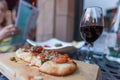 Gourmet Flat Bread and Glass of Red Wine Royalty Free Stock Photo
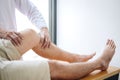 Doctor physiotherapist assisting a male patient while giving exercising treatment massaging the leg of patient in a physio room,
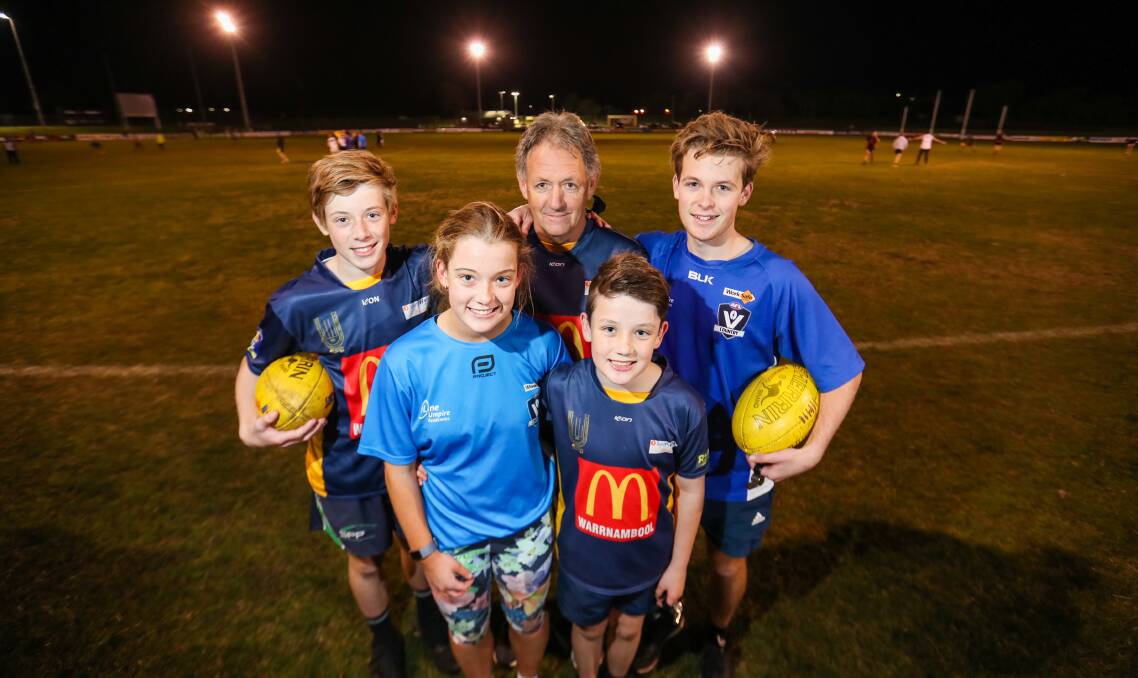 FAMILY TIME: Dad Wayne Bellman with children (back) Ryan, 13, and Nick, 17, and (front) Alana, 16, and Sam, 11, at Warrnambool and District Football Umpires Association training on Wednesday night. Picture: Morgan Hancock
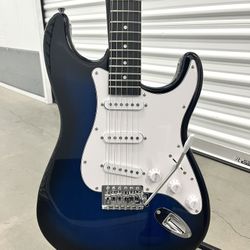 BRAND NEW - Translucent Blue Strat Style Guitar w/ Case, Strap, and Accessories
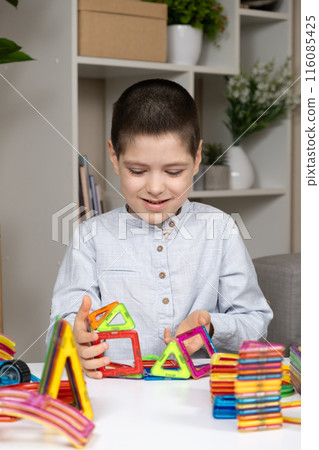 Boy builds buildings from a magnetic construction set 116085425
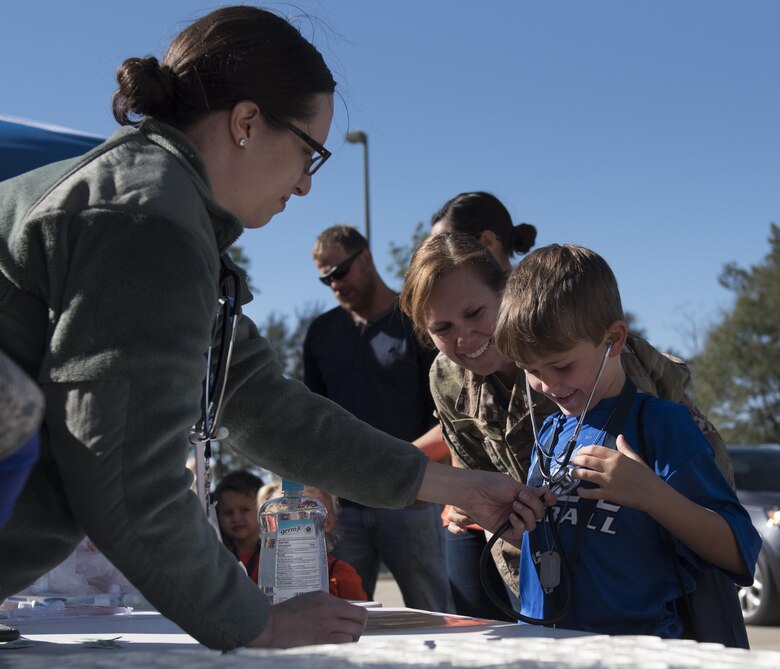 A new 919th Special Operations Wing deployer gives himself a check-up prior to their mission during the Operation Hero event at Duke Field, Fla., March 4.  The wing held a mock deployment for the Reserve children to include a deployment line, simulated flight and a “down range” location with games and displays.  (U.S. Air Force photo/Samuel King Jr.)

━━━━

**Problem:**
Using the records above, print exactly the run of lines that starts with the line with "Doctor physiotherapist assisting" and goes on through the line with "Boy builds buildings", pictures excluded.

**Answer space:**
 Doctor physiotherapist assisting a male patient while giving exercising treatment massaging the leg of patient in a physio room,
 FAMILY TIME: Dad Wayne Bellman with children (back) Ryan, 13, and Nick, 17, and (front) Alana, 16, and Sam, 11, at Warrnambool and District Football Umpires Association training on Wednesday night. Picture: Morgan Hancock
 BRAND NEW - Translucent Blue Strat Style Guitar w/ Case, Strap, and Accessories
 Boy builds buildings from a magnetic construction set 116085425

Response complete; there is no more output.